WORK INSTRUCTION —
Restate word for word the entries below, starting with the line with "Sea Green Floral" and continuing through the line with "Garden Lounge Set". Include both of those lines and no others.

RECORDS PROVIDED —
#####

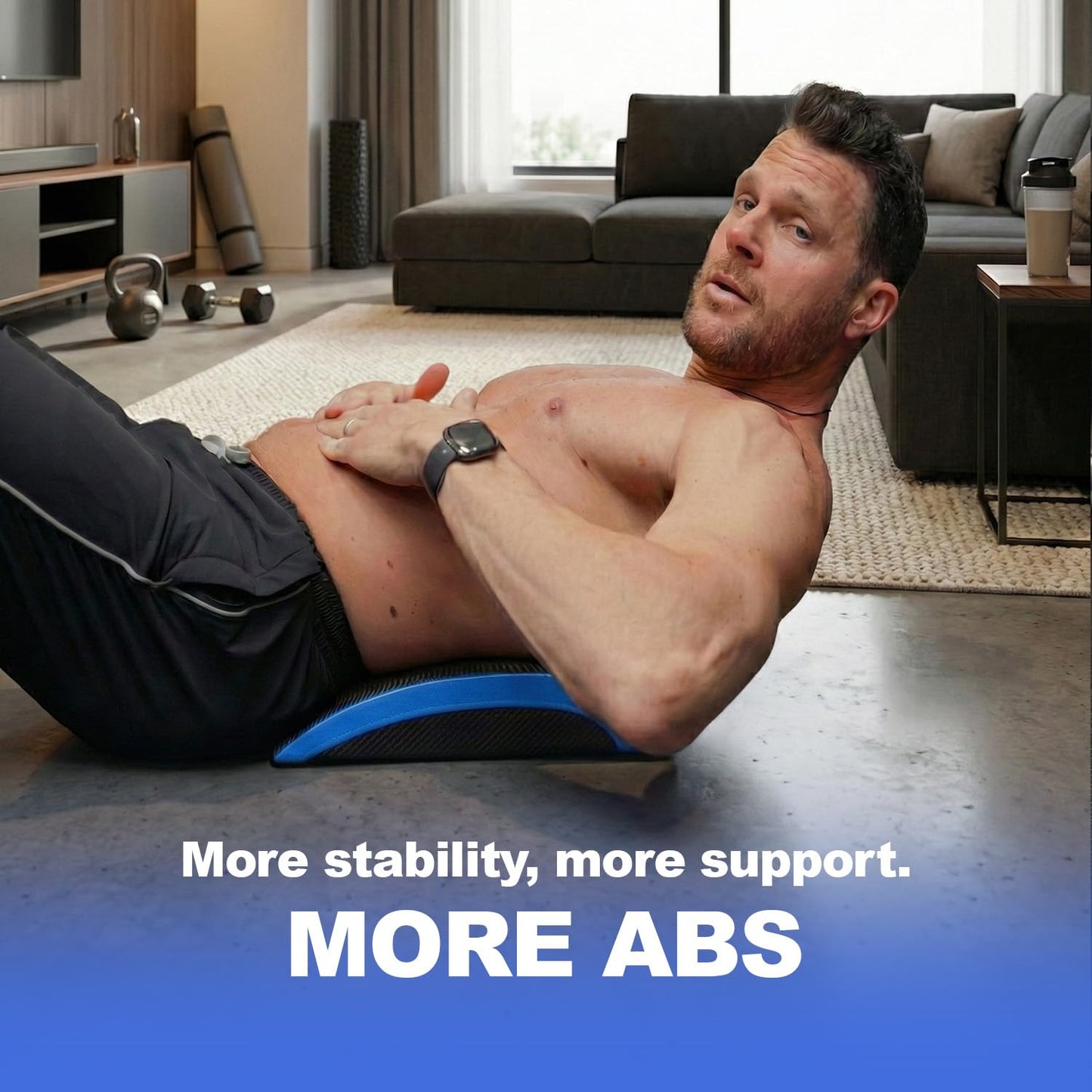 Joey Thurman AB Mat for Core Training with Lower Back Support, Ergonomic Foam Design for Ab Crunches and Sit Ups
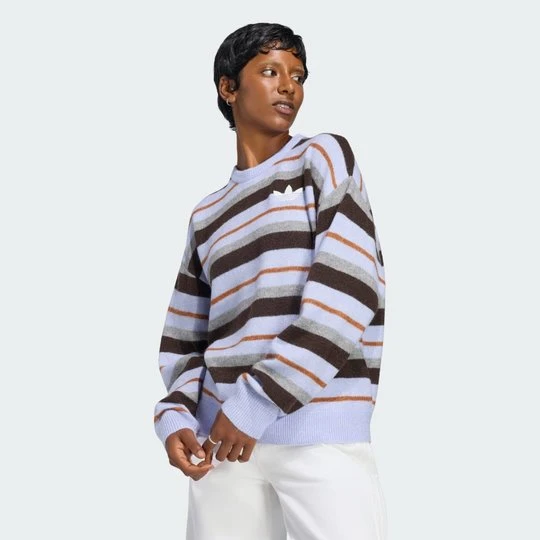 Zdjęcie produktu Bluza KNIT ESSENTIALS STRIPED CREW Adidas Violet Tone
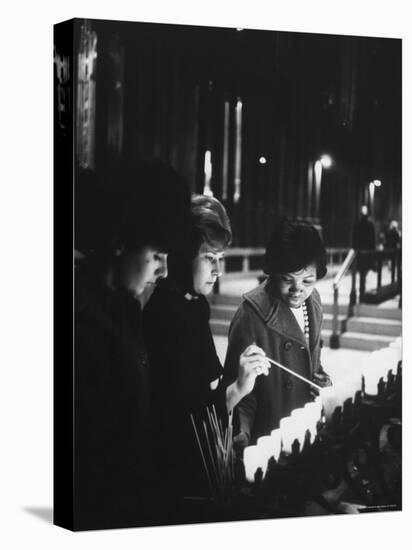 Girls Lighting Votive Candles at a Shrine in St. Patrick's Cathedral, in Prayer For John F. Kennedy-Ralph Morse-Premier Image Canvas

#####

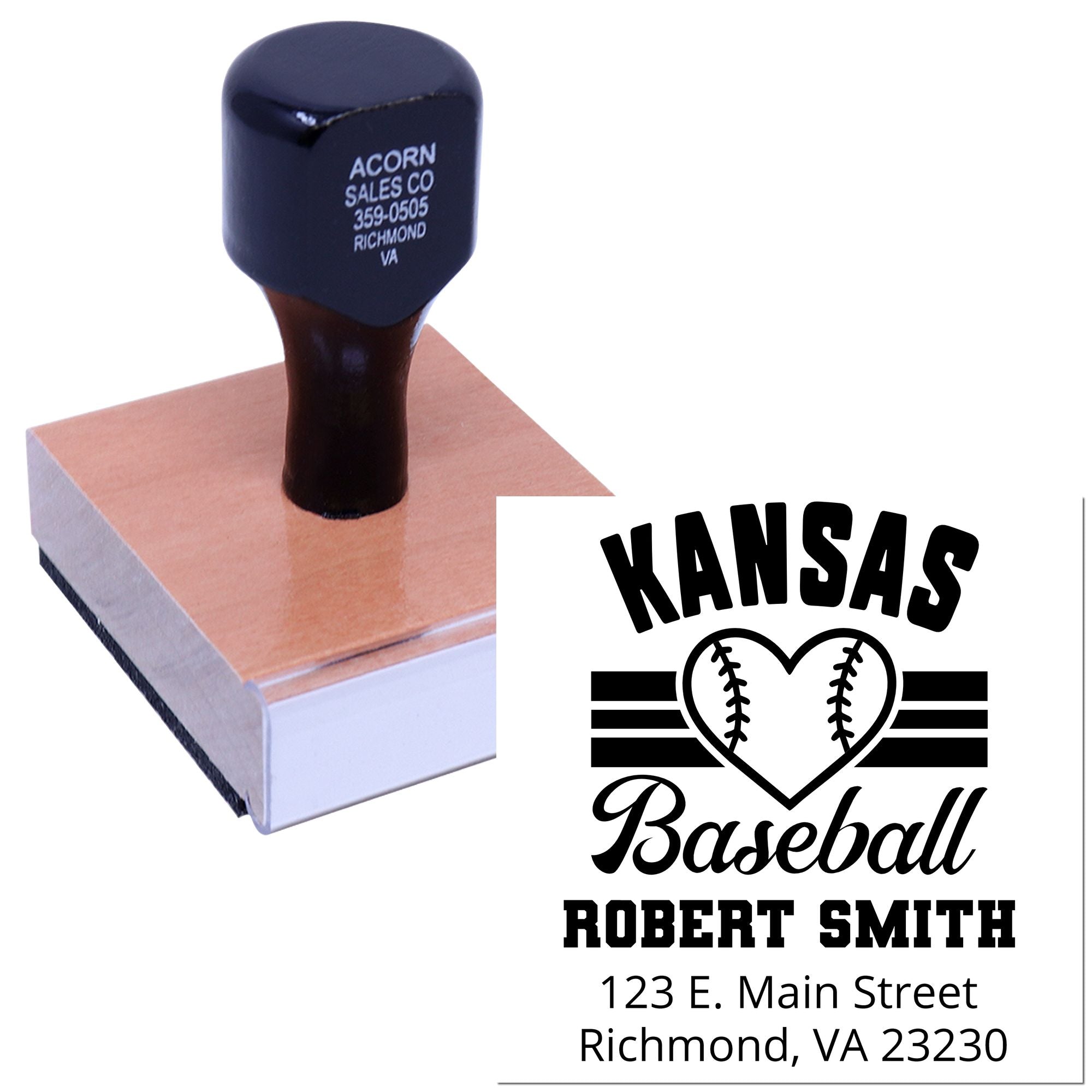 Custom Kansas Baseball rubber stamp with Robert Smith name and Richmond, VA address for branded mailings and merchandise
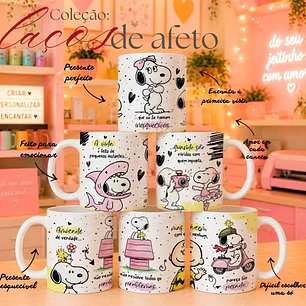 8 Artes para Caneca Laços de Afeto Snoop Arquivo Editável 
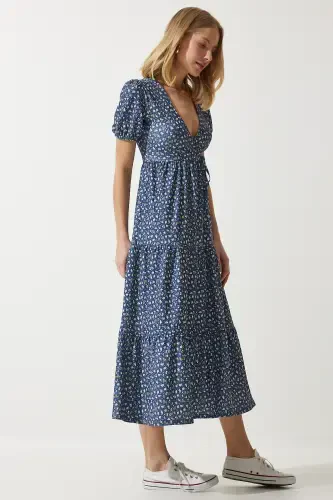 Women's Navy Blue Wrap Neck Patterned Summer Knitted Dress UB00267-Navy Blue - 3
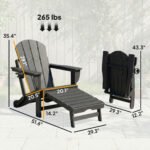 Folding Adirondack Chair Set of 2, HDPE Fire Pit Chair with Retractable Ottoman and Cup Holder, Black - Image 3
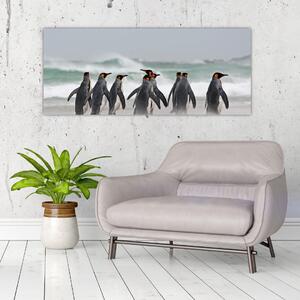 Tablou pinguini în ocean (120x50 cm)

#####

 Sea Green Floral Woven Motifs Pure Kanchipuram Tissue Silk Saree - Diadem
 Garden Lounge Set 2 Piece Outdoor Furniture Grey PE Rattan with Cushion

#####

SOLVED PROBLEM —
 Sea Green Floral Woven Motifs Pure Kanchipuram Tissue Silk Saree - Diadem
 Garden Lounge Set 2 Piece Outdoor Furniture Grey PE Rattan with Cushion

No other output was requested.